[Data block]:
────────────────────────────────────────

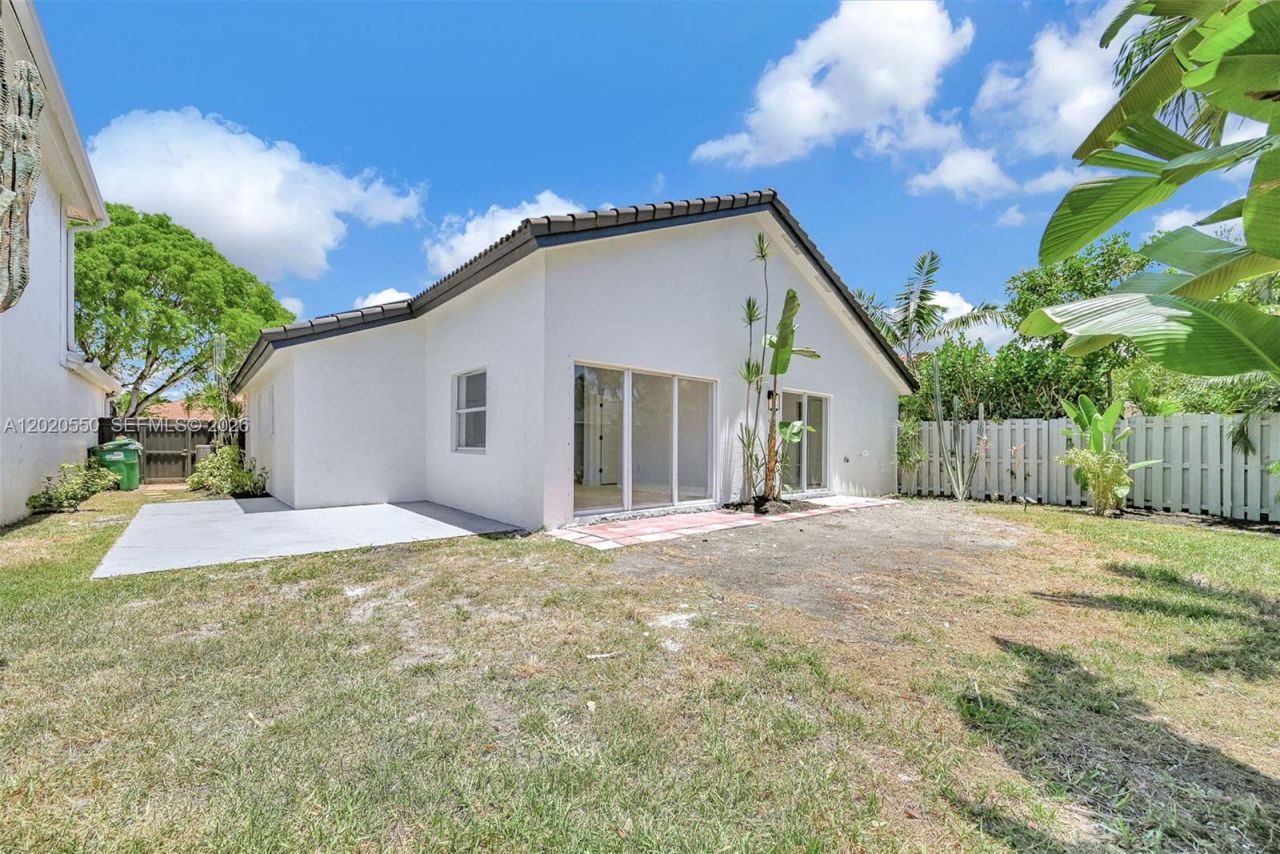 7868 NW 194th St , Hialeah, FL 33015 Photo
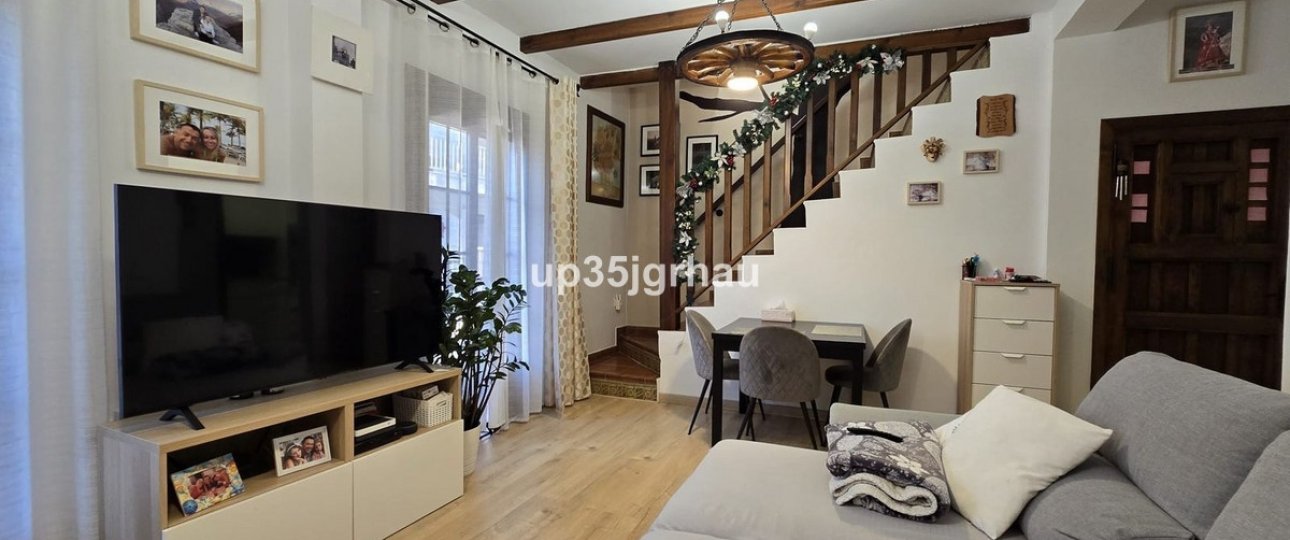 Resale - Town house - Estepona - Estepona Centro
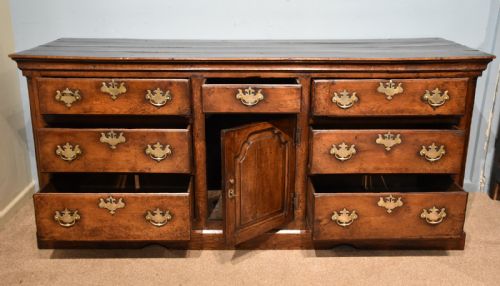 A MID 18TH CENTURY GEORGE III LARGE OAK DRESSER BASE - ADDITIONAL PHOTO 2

────────────────────────────────────────

[Work request]:
When repeating the material above, keep every line exact and drop all pictures.

[Expected answer]:
 7868 NW 194th St , Hialeah, FL 33015 Photo
 Resale - Town house - Estepona - Estepona Centro
 A MID 18TH CENTURY GEORGE III LARGE OAK DRESSER BASE - ADDITIONAL PHOTO 2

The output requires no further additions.